Sonia Furstenau launched her economic platform as part of her leadership campaign for the B.C. Green Party in Vancouver on Feb. 28.
Furstenau, MLA for the Cowichan Valley, held her economic platform launch alongside scientist and environmental activist David Suzuki.
She said the province is at a crucial moment in history where change is necessary, and with the right strategy, B.C. has the ability to be the most resilient, innovative economy in the world.
“We need to create an economic environment that supports smart risk-takers and creative problem solvers,” Furstenau said.
“To accomplish this, we must invest in our greatest resource: the people of B.C. Healthy citizens who can afford to live in their communities are the foundation of tomorrow’s resilient, innovative economy.”
Furstenau said this needs to start by updating how a healthy economy is measured.
She said the Liberals and the NDP continue to tout GDP growth, while B.C.’s affordability crisis makes headlines around the world.
“They subsidize divisive fossil fuel investments while investors increasingly sound the alarm about the need to centre climate change in our economic plans,” Furstenau said.
“This shows an astonishing lack of vision. British Columbians deserve a far smarter, more hopeful plan for their future. I’m running for leader of the B.C. Green Party because I know B.C. is just scratching the surface of our potential. It’s time to move past these outdated ways of thinking and embrace change.”
Furstenau said she would adopt health and well being budgets with genuine progress indicators focused on economic, health, social and environmental factors, and require provincial ministries to justify spending in accordance with progress on these indicators.

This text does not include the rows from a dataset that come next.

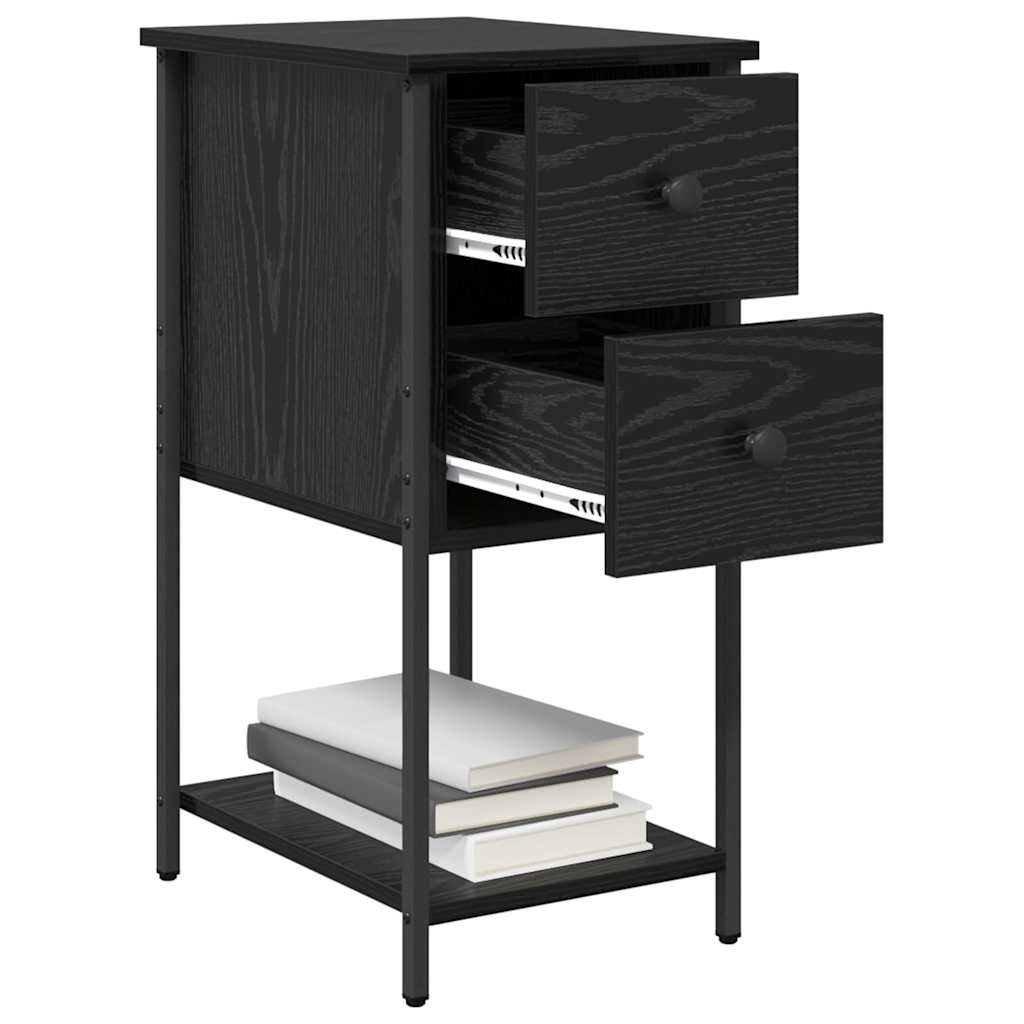 Bedside Cabinet 2 pcs Black oak 32 x 42 x 70 cm Engineered wood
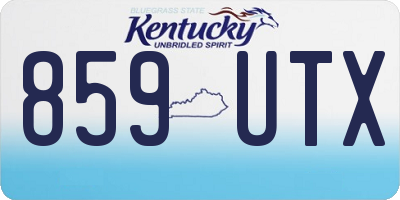 KY license plate 859UTX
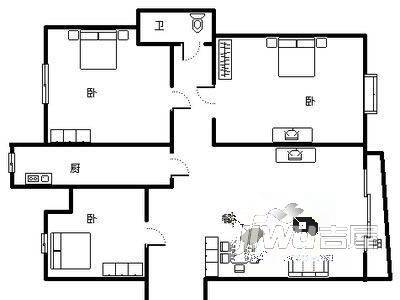 丰越花园3室1厅1卫户型图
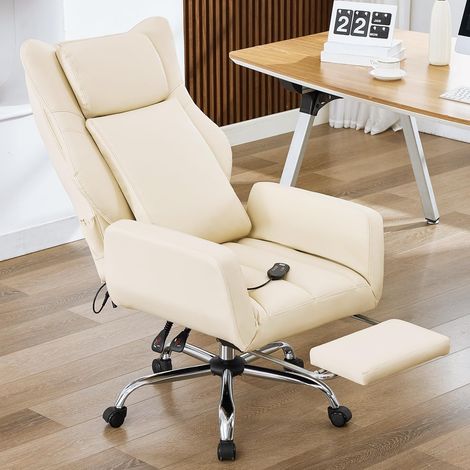 Ergonomischer Bürostuhl mit klappbaren Armlehnen, Chefsessel mit Massagefunktion und ausziehbarer Fußstütze, für Homeoffice und Gaming (beige)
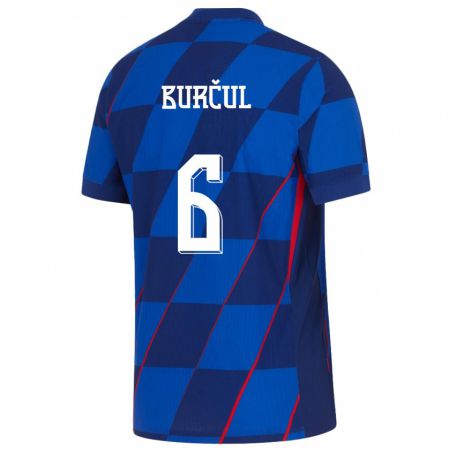 Kandiny Niño Camiseta Croacia Bruno Burcul #6 Azul 2ª Equipación 24-26 La Camisa Chile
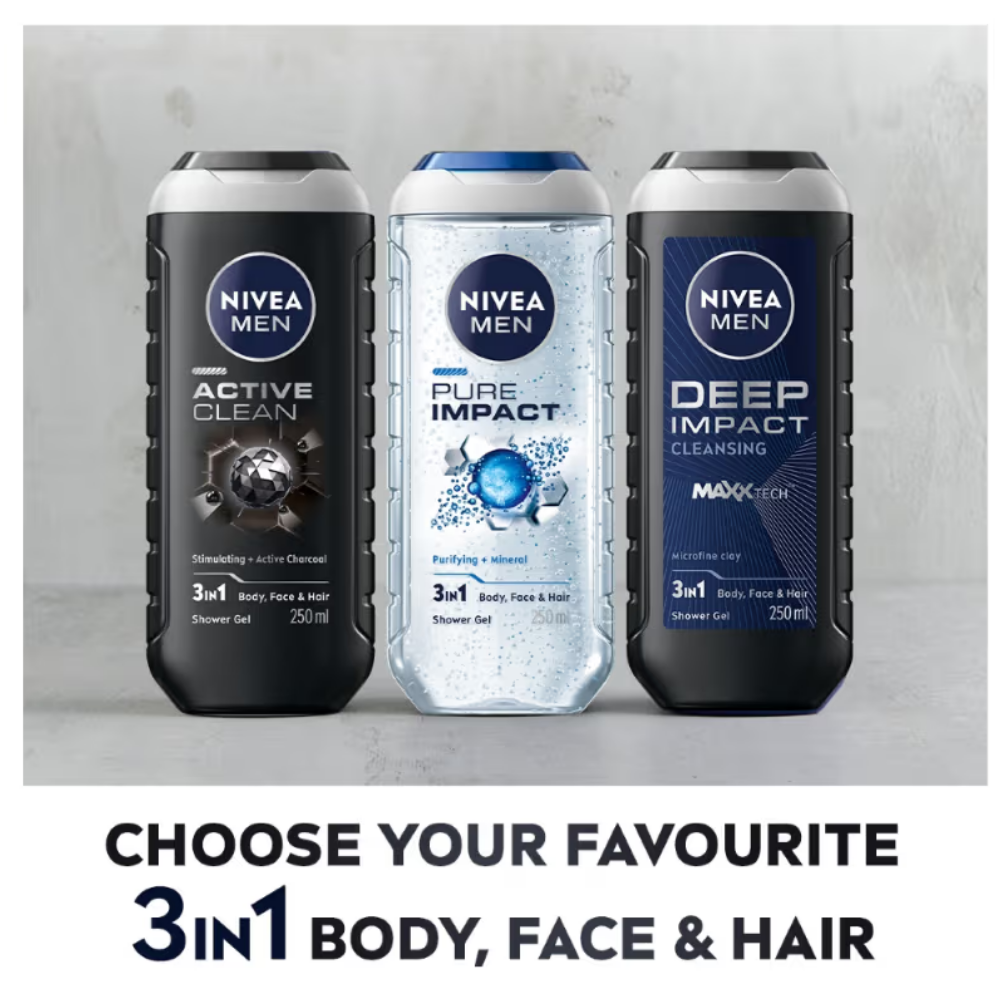 NIVEA MEN Body Wash, Deep Impact, 3 in 1 Shower Gel for Body, Face & Hair, with Microfine Clay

She said she would scale up social program funding, with her priority programs including universal early childhood education and child care; public and post-secondary education; programs to achieve universal livable wages, such as a guaranteed livable income; demand and supply-side affordable housing measures; and mental health care.
“In consultation with business, labour and experts, I would introduce a comprehensive suite of policies to improve work-life balance and health and well being for workers, such as a shorter work week and modernized labour laws for independent contract workers,” Furstenau said.